The choice regarding separation from Xcel is a generational decision on par with previous landmark Boulder initiatives such as setting growth boundaries, creating our open space system, establishing the Pearl Street Mall, and limiting building heights. As we contemplate taking this significant step to enable local decision-making about our energy, we must consider the impact of this choice for generations into the future, not just over the next few years. Because of the way electricity is regulated in Colorado, being a part of the Xcel system greatly limits what choices are available to city residents. With a muni, Boulder residents and businesses would have much more freedom to pioneer creative solutions to clean energy delivery within the city.
Existing limits to the deployment of customer-sited solar and storage could be removed, and local businesses could sell excess energy from their solar system to their neighbors. Decision-making about how to operate our grid would become much more transparent and accessible. Perverse incentives that cause private utilities to oppose widespread behind-the-meter energy generation and storage would disappear.
Another benefit to passing 2L-O-P is that munis in Colorado generally have high service reliability. Fort Collins’ city-run electric utility has five times higher reliability than Xcel, and with Longmont’s public utility, customers are without power half the time of an average Boulder customer. These cities are more able to weather the wet spring storms that bring down tree limbs onto power lines. When repairs are needed due to a major event, crews from all over converge to help restore power based on mutual aid agreements between power suppliers, both public and private. Like these other cities’ service, a Boulder muni would likely be more reliable than Xcel over time. It is also likely to be cheaper in the long run, as munis on average charge rates 15 percent less than investor-owned utilities.
So far, we have described three major reasons for continuing our muni exploration: democratization, decentralization, and greater reliability. But the greatest reason for a muni is decarbonization. Xcel recently announced that one of its possible paths, subject to PUC direction, is a move to more wind energy backed by natural gas. This may get them to 55 percent renewable electricity by 2026. While that is laudable (if it happens), it is not enough; 100 percent is our goal. As extreme weather events such as hurricanes Harvey, Irma, and Maria increase in number and impact, causing extreme misery and death, scientists give us a clear mandate: 80 percent carbon reduction by 2050. Climate change is an existential threat whose heaviest blows will fall on future generations. Many believe that Boulder has helped move Xcel’s thinking with our firm commitment to 100 percent renewables. Without the muni effort, we would not have had nearly the attention we have received from Xcel. Whatever happens, keeping the pressure on Xcel for rapid change is critical in this moment. Every year, over $30 million in pre-tax profits leave Boulder to head to Xcel’s Minneapolis headquarters. In contrast, the entire process of navigating roadblocks to municipalization, including the system engineering and design that will be funded with passage of 2L-O-P, will total $32 million — about a single years’ profit paid from Boulderites to Xcel.

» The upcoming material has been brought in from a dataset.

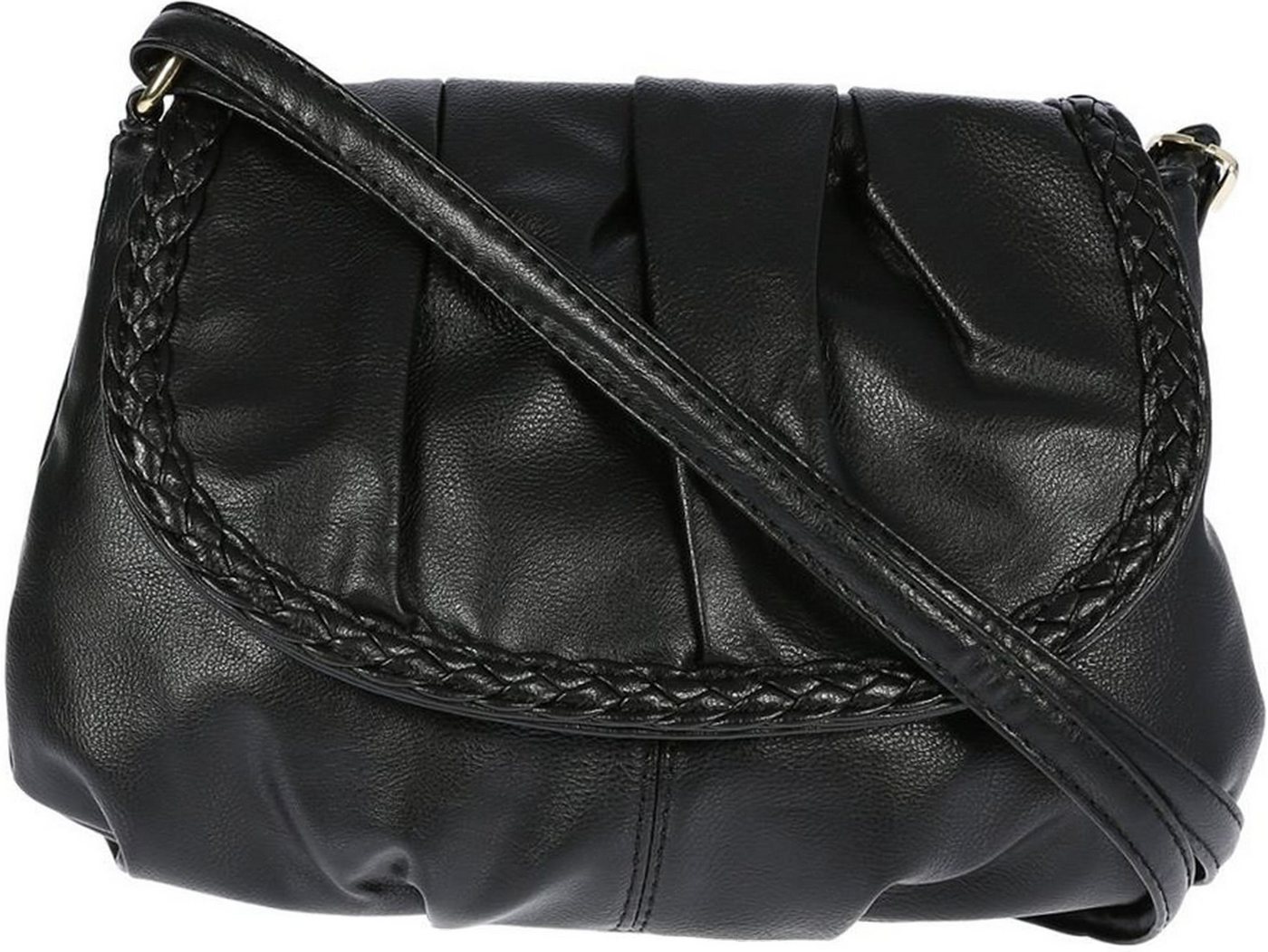 BAG STREET Abendtasche Bag Street Kunstleder Tasche Damen (Abendtasche, Abendtasche), Damen Tasche schwarz von BAG STREET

Systemic change is hard. Moving ahead with the muni will allow Boulder to unleash the power of market innovation to build an electrical grid that is more resilient, clean, and open than what we currently have or will likely ever see from Xcel. This will be good for future generations of Boulderites, who have to prepare for the coming storms, as well as generate power in a manner that does not make the fires and floods worse.
This Letter to the Editor appeared in the Daily Camera.